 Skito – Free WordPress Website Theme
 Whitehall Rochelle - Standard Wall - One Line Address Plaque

——————

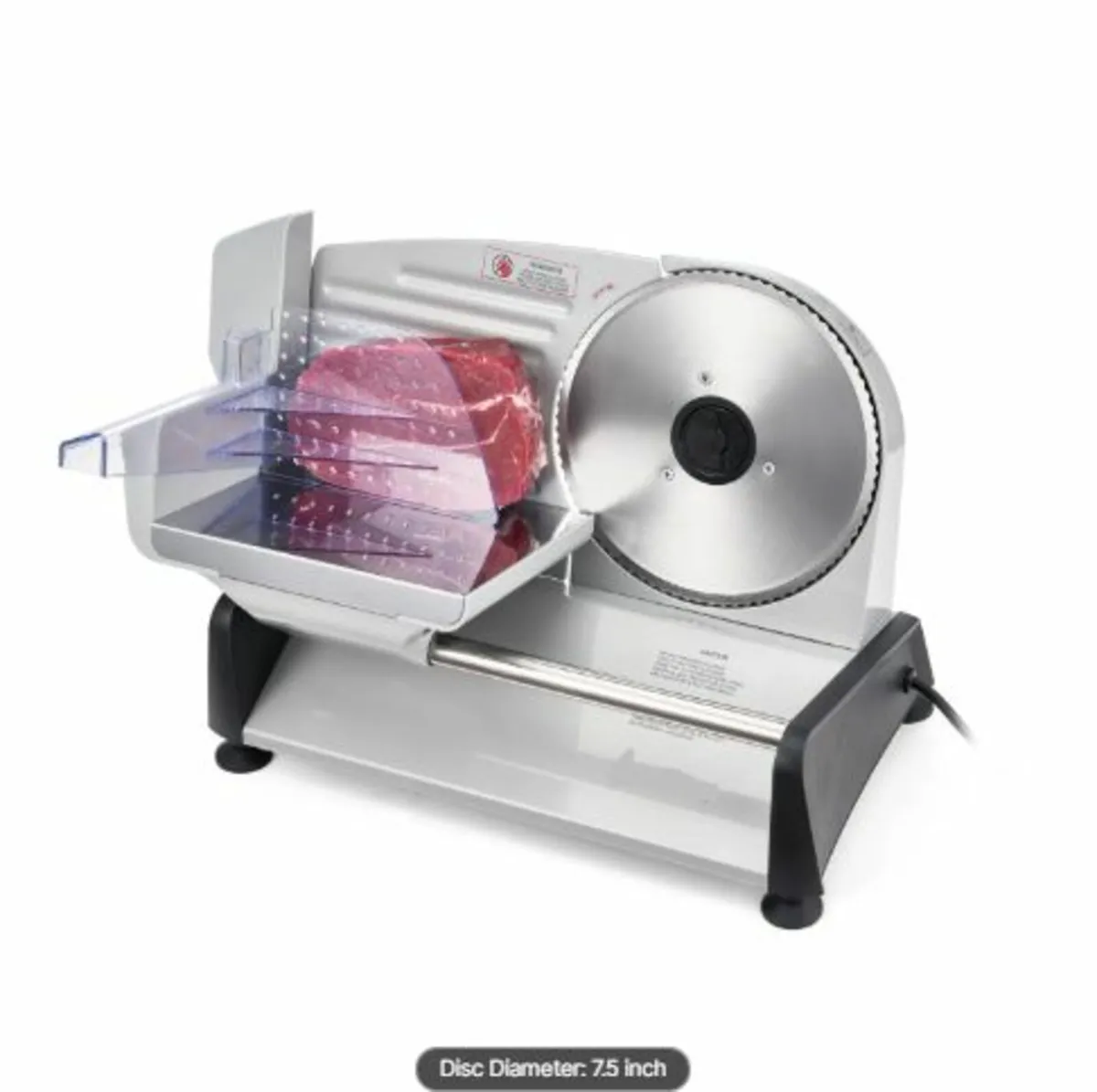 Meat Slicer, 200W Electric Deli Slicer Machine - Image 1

——————

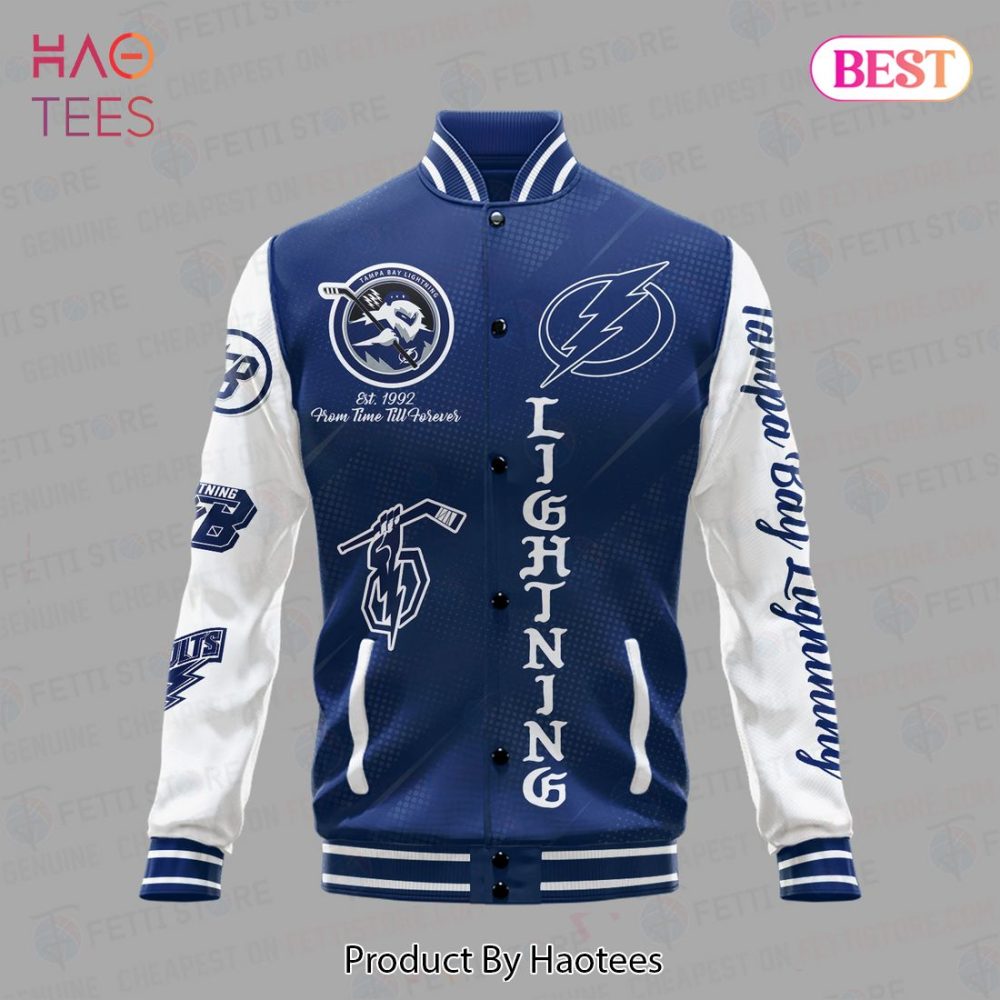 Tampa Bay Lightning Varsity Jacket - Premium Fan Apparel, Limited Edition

——————

Taking the entries above, restate exactly those lines that fall between the line with "Skito – Free WordPress Website Theme" and the line with "Whitehall Rochelle - Standard", keeping both of those lines too.

 Skito – Free WordPress Website Theme
 Whitehall Rochelle - Standard Wall - One Line Address Plaque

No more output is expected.